Every Metric Needs a Target

Standards are designed to help an organization see problems quickly.  When we tape a square on the shop floor to represent the place for the next part to be processed, it represents a standard. If the part is not there when the time comes to work on it – there is a problem.  When we restore a piece of equipment back to its original condition we are establishing a standard that allows us to see a problem like an oil leak quick and know that we have a problem.

In the same way, every metric we follow in a daily management process has to have a standard…an expectation. We call that standard a target.

Without a target – we don’t see the problem

As a visitor to a daily management meeting you may hear the production manager say they produced 2,500 parts yesterday.  You may be able to judge from the reaction of others if that is good or not, but without a target you really have no idea.  If the production manager says; “we produced 2,500 units yesterday versus a plan of 2,300” you immediately know it was a good day and you have an idea of how good.

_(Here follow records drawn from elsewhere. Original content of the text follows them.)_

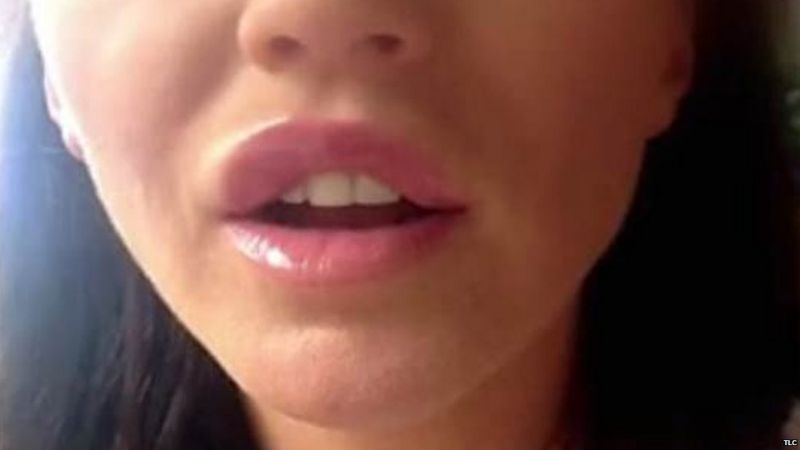 Doctors Call For New Lip Filler Regulations Bbc News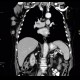 Metastasis of malignant melanoma into skin: CT - Computed tomography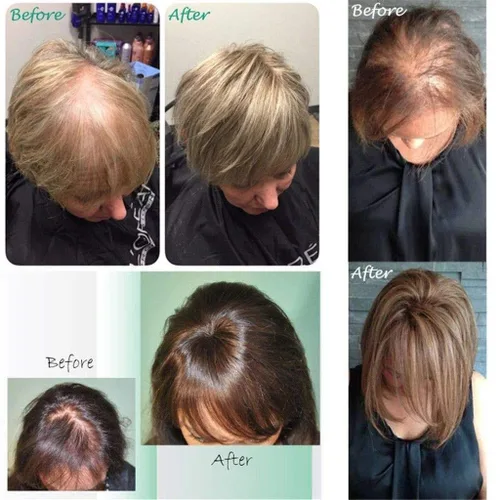 Miniatura 3 de Extensiones de cabello humano Remy atado a mano para mujeres con parte izquierda, 3 x 4 pulgadas, base de seda mono, 10 pulgadas, rubio 613# 613#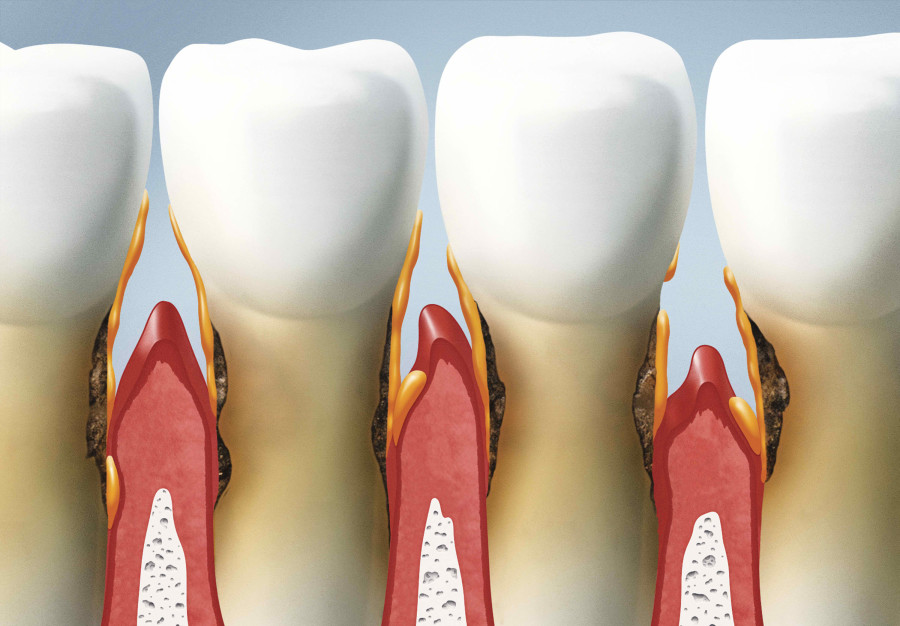 preventive-ways-to-address-root-decay-emergency-dentist-san-jose-ca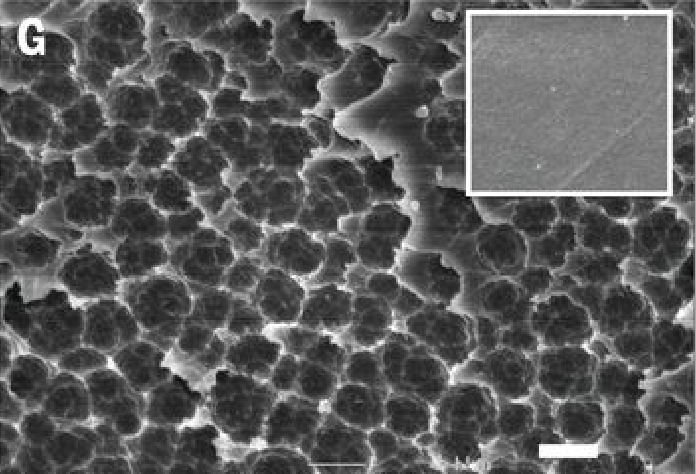 Scanning electron microscopy image of the degraded surface of a piece of PET after 60 hours with Ideonella sakaiensis. The inset shows the original smooth surface of the PET plastic. Scale bar, 1 μm. Photo courtesy of Yoshida et al., Science, (2016). 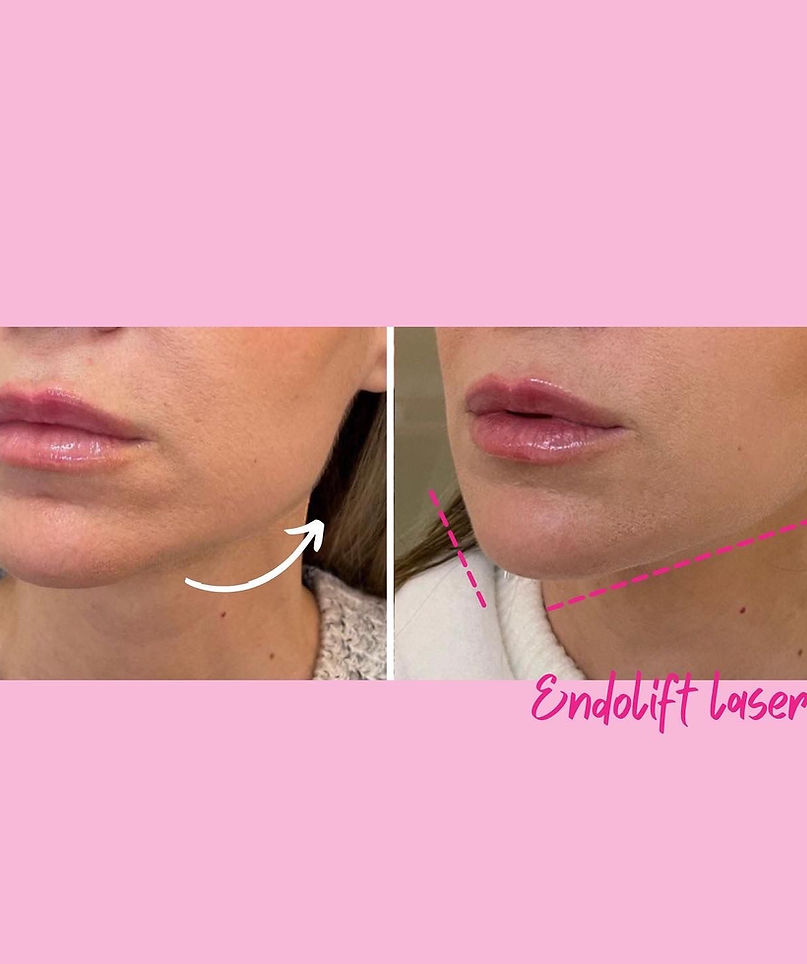 endolift dr zattoni milano como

The result compared to the target is necessary to understand if was a good day or bad day.

All charts need a metric

As a visitor to a daily management room you may see charts on the wall trending critical performance metrics like on-time delivery, production, and quality claims.   You may be able to see the trends and even determine if the process is getting better or worse, but without a target line you have no idea if they are meeting the needed rate to execute their strategy.   You can’t see if they are meeting the needs of the business.

Targets on the shop floor

As a visitor you may see the throughput of a process every shift on an hour-by-hour activity board, but without a target you have no idea if it is meeting the plan. Targets allow us to make problems even more obvious with the use of Red and Green.  If the last hour was better than target it is Green. If the last hour was worse than target it is Red.  Everyone is quickly able to see the good and bad hours.

Help your organization make sure they have a target for all metrics to make all problems obvious.